According to Jain, one of the architects of the algorithm used, the data flooding algorithm approximates how a person would make a coloring book. It begins with a particular structure – such as a particular neuron – that fills before it passes to others. Theta comes into play here.

Haritha Siddabathuni Som, Team Leader of the Argonne National Laboratories Leading Computing Facility, lists the impressive values ​​of the supercomputer. It's the most powerful supercomputer in the system, occupying 24 server racks, and if it does not consume any mice minds, it works on other huge datasets, including some of CERN's Large Hadron Collider, who are delving into the secrets of particle physics.

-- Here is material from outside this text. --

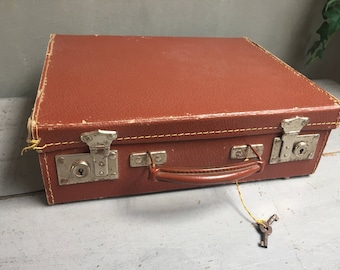 Small square suitcase, vintage, old luggage suitcase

Theta Supercomputer of the Argonne National Laboratory
B David Zarley

Theta's Intel Cray XC40 hardware is capable of delivering 11.69 petaflops, which is really crazy for laymen . Humans can analyze a cubic micron of mouse brain in about 2 minutes. In a mouse brain there are a trillion cubic meters. While mankind would take centuries to complete the task, Kasthuri believes that theta can use the algorithm and do it in just five years.

The flood flooding algorithm uses Theta's horsepower to locate, stain, and assemble the mouse brain data and sends it to Argonne's analysis and visualization cluster, Cooley, which produces the acid triponnones. The datasets are open source and are available for everyone to view and study.

The algorithm's approach is an order of magnitude better than previous options. But even with a state-of-the-art algorithm and a powerful supercomputer, the progress toward a whole mouse connectome is still slow.

A complete connectome is rare; In the late eighties, for example, there was a worm C. elegans. The next whole brain will probably be the fruit fly, a scientific battle. The FlyEM project at Janelia Research Campus aims to publish a complete connectome of about one-third of the fruit fly brain within a year, says Stephen Plaza, a project scientist, over the phone.

About 30 years separate the whole union of the C. elegans worm from the fruit fly brain; By comparison, Kasthuri expects his mouse brain to be completed within five years of the fly. The financing is still pending. The ultimate goal is bold, even when compared to the mouseshot: a complete connection of the human brain. This effort will take more time, and an even larger and more powerful supercomputer, Aurora 21, which is currently being built in Argonne.

Kasthuri leans back when he talks about the possibilities that a full human connectome offers. He imagines the ability to find and correct problems caused by mental disorders and traumatic brain injuries. He imagines proving that knowledge is the result of building connections, or how a marble sculptor degrades it (he likes the latter). He and the other researchers in this field are coming up with answers that will naturally arouse more curiosity.

"We always find that looking at the Connectome basically seems to be a Pandora's box," says Plaza of the FlyEM team. "Not for answers, but for more questions."